RAG - Retrieval-Augmented Generation

此内容尚不支持你的语言。

Askimo App includes powerful RAG (Retrieval-Augmented Generation) capabilities that allow you to create project-based knowledge bases. Whether you’re a developer working with code, a writer managing documents, or a researcher organizing data, Askimo’s Lucene-powered indexing helps your AI conversations access and reference your files automatically.

What is RAG?

RAG (Retrieval-Augmented Generation) enhances AI conversations by:

Accessing Your Project Files: AI can reference your local documents, code, research papers, or any other files
Accurate Responses: Answers are grounded in your actual content, not just the AI’s training data
Privacy-First: All indexing and retrieval happens locally on your machine
Fast Search: Lucene-powered indexing provides lightning-fast retrieval across thousands of files

How RAG Works in Askimo

Here’s how Askimo processes and retrieves information from your project files:

graph TB
    subgraph "1. Ingestion Process"
        A[Project Files] --> B[File Parser]
        B --> C{File Type Detection}
        C -->|Code| D[Code Parser]
        C -->|PDF| E[PDF Text Extractor]
        C -->|Office Docs| F[Office Parser]
        C -->|Text/Markdown| G[Text Parser]
        D --> H[Text Chunks]
        E --> H
        F --> H
        G --> H
    end

    subgraph "2. Indexing & Storage"
        H --> I[Document Chunker
256-2048 tokens]
        I --> J[Embedding Generator]
        J --> K[(JVector Store
Vector Embeddings)]
        J --> L[(Lucene Index
Full-Text Search)]
    end

    subgraph "3. Query & Retrieval"
        M[User Query] --> N[Query Embedding]
        N --> O[ContentRetriever]
        O --> K
        O --> L
        K --> P[Vector Similarity Search]
        L --> Q[Keyword Search]
        P --> R[Top-K Results]
        Q --> R
    end

    subgraph "4. Context Injection"
        R --> S[ContentInjector]
        S --> T[Rank & Filter Results]
        T --> U[Context Window Manager]
        U --> V[Inject into AI Prompt]
        V --> W[AI Model]
        W --> X[Enhanced Response]
    end

    style K fill:#e1f5ff
    style L fill:#e1f5ff
    style O fill:#fff4e6
    style S fill:#f3e8ff
    style W fill:#e8f5e9

The Process:

Ingestion: Files are parsed based on their type (code, PDF, Office docs, text)
Indexing: Content is split into chunks, embedded as vectors (JVector), and indexed for full-text search (Lucene)
Retrieval: When you ask a question, ContentRetriever searches both vector embeddings and full-text index
Injection: ContentInjector ranks results, manages context window, and injects relevant chunks into your AI conversation

All of this happens locally on your machine—no data ever leaves your computer.

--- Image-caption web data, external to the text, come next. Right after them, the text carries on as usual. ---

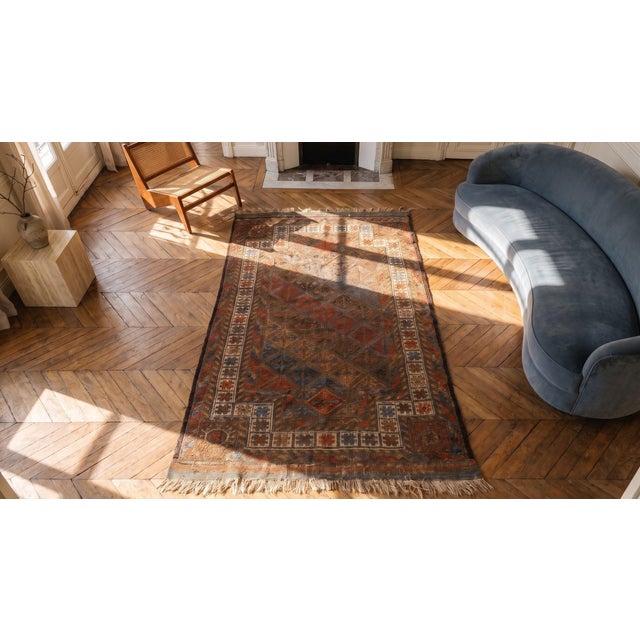 1890s Brown Tribal Islamic Prayer Antique Baluch Turkmen Rug 3'0" X 5'3" Handknotted Wool Carpet For Sale - Image 10 of 10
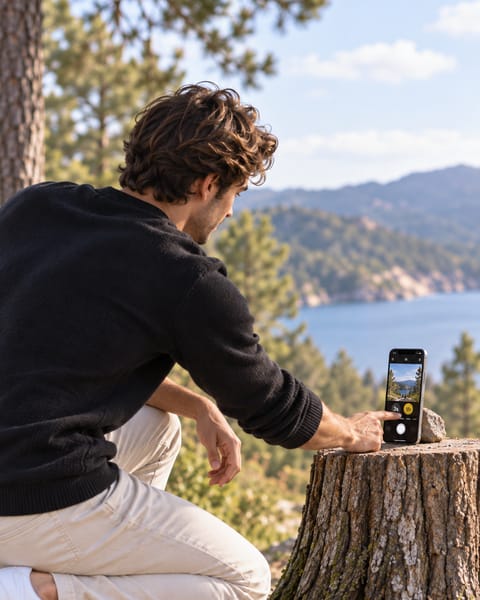 Illustration: a man crouches to prop his phone against a stone on a tree stump, with a lake behind him.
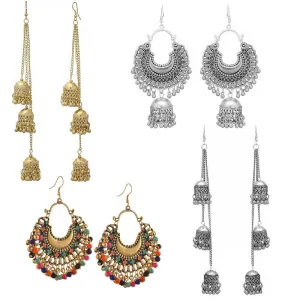 Combo of 4 Oxidized Beads Hanging Jhumki
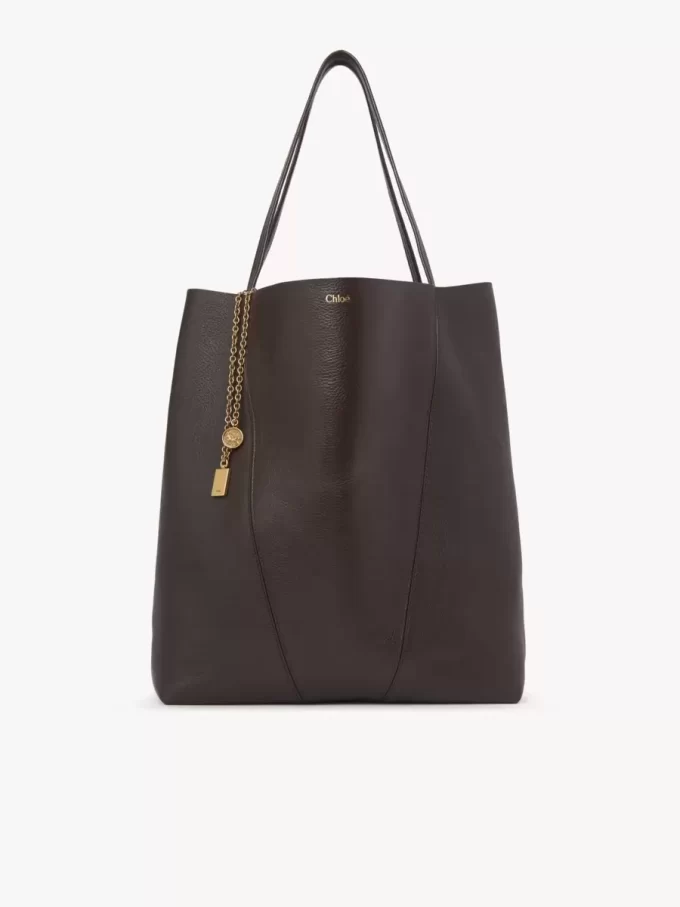 Bolso tote grande Chloé Spin de piel granulada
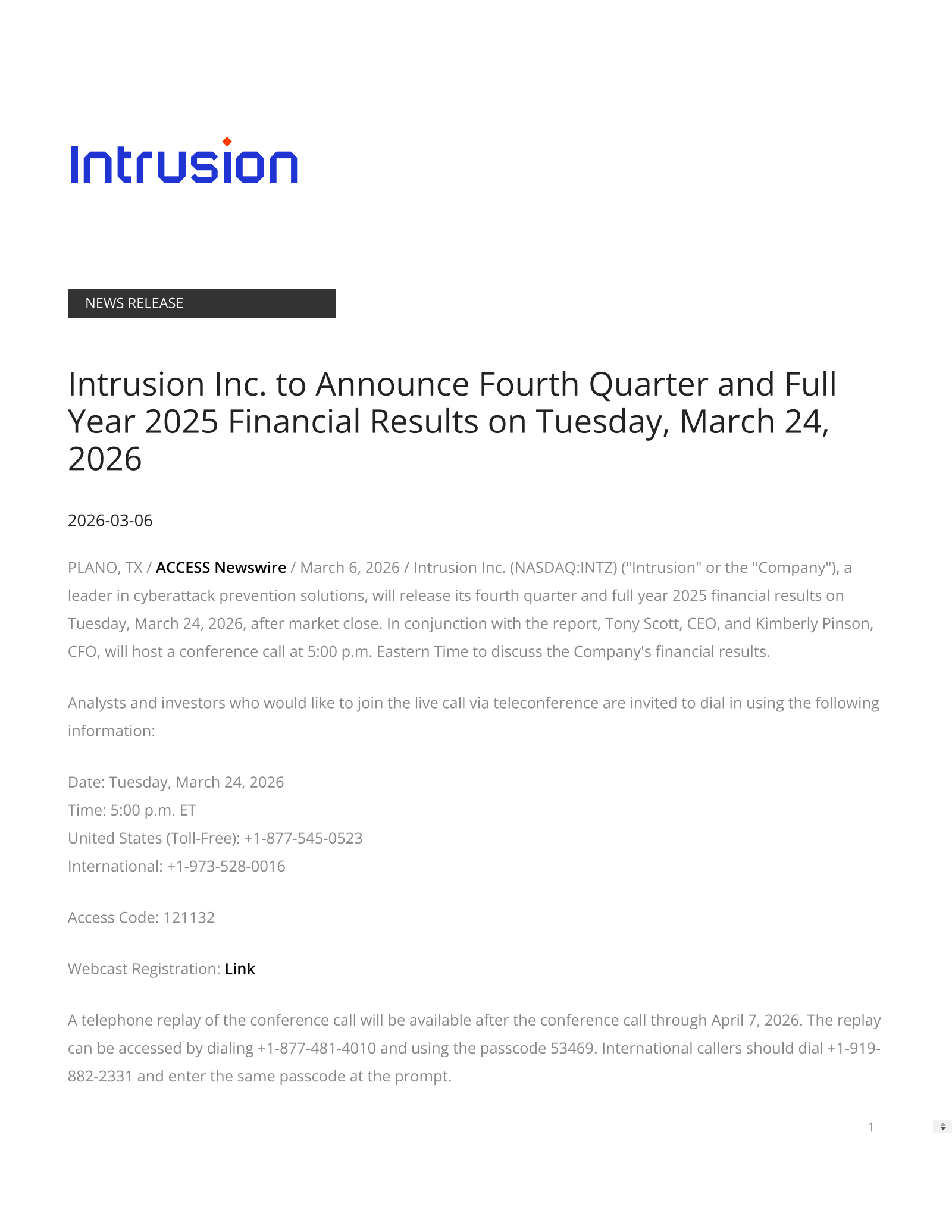 Intrusion's Q4 2025 Press Release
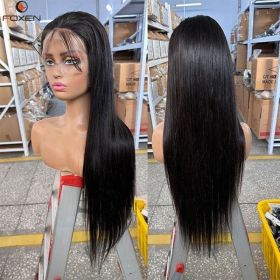 200 Density 13x4 Hd Lace Front Wigs For American Black Women Human Hair Wigs Wholesale (Option: Black-26Inches-13X4CM)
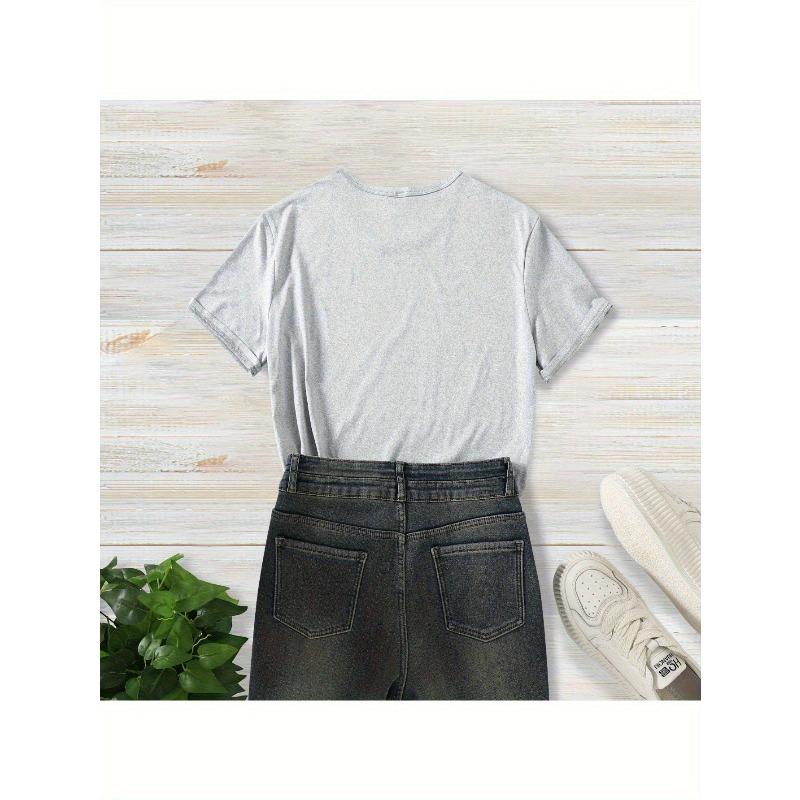European Size Hot, Summer Women's Short Sleeve T-Shirt with Heart Pattern Print, Comfortable Breathable Fabric, Casual Sporty Style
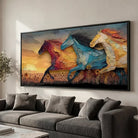 Decorative painting of horses at sunset in a modern artistic style
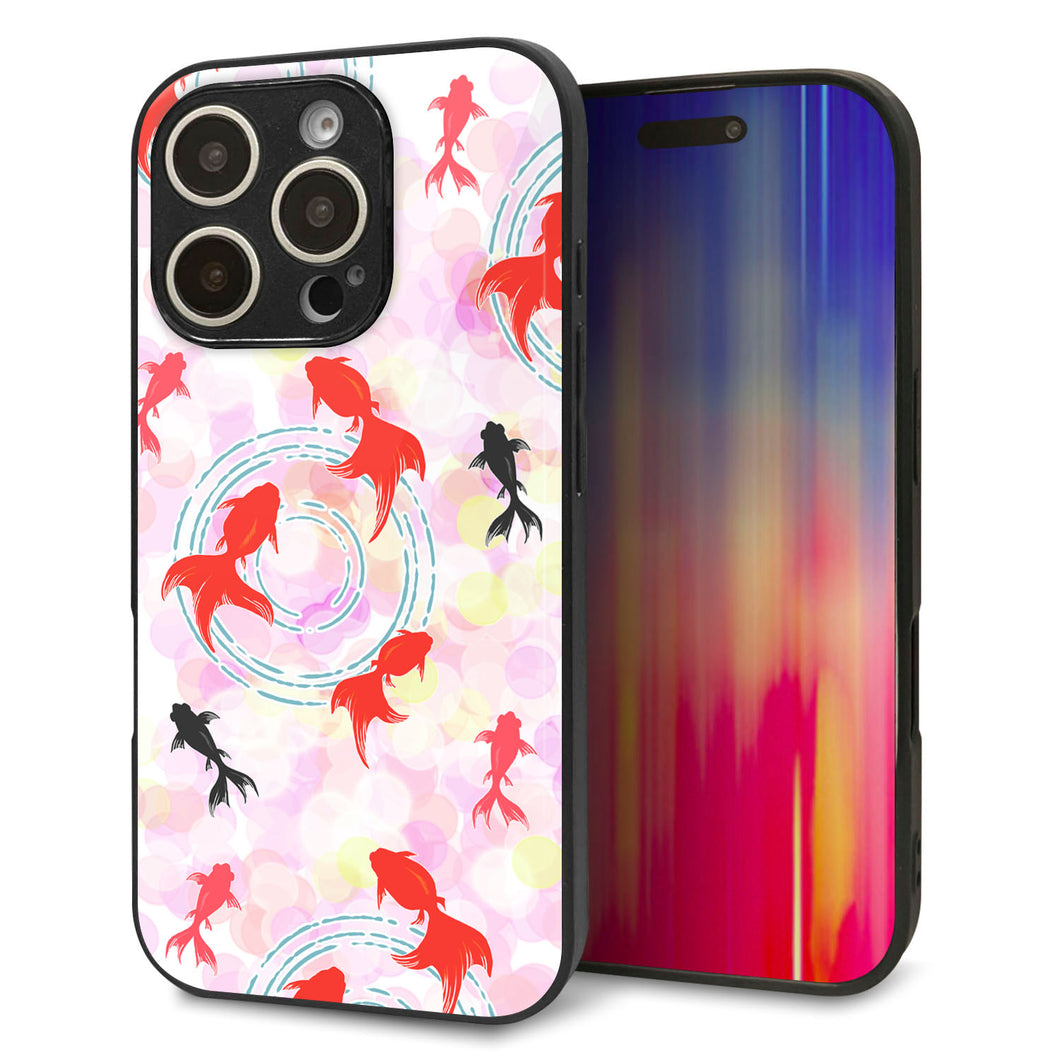 iPhone16 Pro 強化ガラス＆TPUスマホケース ガラプリ【HA222 金魚 点々 ピンク】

Creating a Project with RAG

Step 1: Create a New Project

Open Project Manager
- Click the “Projects” icon in the sidebar
- Or use keyboard shortcut: ⌘/Ctrl + P
Create New Project
- Click ”+ New Project” button
- Enter a project name (e.g., “My Web App”, “Research Papers”, “Novel Draft”, “Marketing Documents”)
- Optionally add a description
Select Project Directory
- Click “Select Folder” to choose the project root directory
- This directory and its subdirectories will be indexed automatically

Step 2: Automatic Indexing

Indexing starts automatically when you create a project:

Askimo detects the project type (Gradle, Maven, Python, Node.js, etc.)
Indexing begins immediately in the background
Monitor indexing progress in the status bar
Wait for indexing to complete (typically 10-60 seconds depending on project size)

What Gets Indexed:

Askimo automatically indexes:

All text-based source files
PDF files (text content extracted)
Microsoft Office documents (.docx, .xlsx, .pptx)
OpenOffice documents (.odt, .ods, .odp)
Email files (.eml, .msg)
Documentation files (.md, .txt, .rst, etc.)
Configuration files (.json, .yaml, .xml, etc.)

What Gets Excluded:

Askimo intelligently excludes:

Common build artifacts (build/, dist/, target/, .gradle/, etc.)
Dependencies (node_modules/, vendor/, venv/, etc.)
Files listed in .gitignore
Binary files (except supported document types)
Files larger than 5 MB
IDE-specific directories (.idea/, .vscode/, etc.)

Using RAG in Chat Sessions

Creating a New Chat in a Project

When you create a chat session within a project, RAG is automatically enabled to provide context from your indexed files.

Navigate to Your Project
- Open the project in the sidebar
- Your indexed project is ready to use
Start a New Chat
- Click the ”+” button within the project
- Or use ⌘/Ctrl + N while in project view
Chat with Context
- RAG is enabled by default - no need to toggle!
- The AI automatically retrieves relevant context from your indexed files
- A small indicator shows which project’s knowledge is active

Example Queries

With RAG enabled, you can ask questions about your project:

For Developers:

“What’s the purpose of the UserService class in this project?”
“Show me all REST endpoints defined in the API controllers”
“Explain the authentication flow used in this application”
“How is error handling implemented across the codebase?”
“What dependencies are used for database access?”
“List all database models and their relationships”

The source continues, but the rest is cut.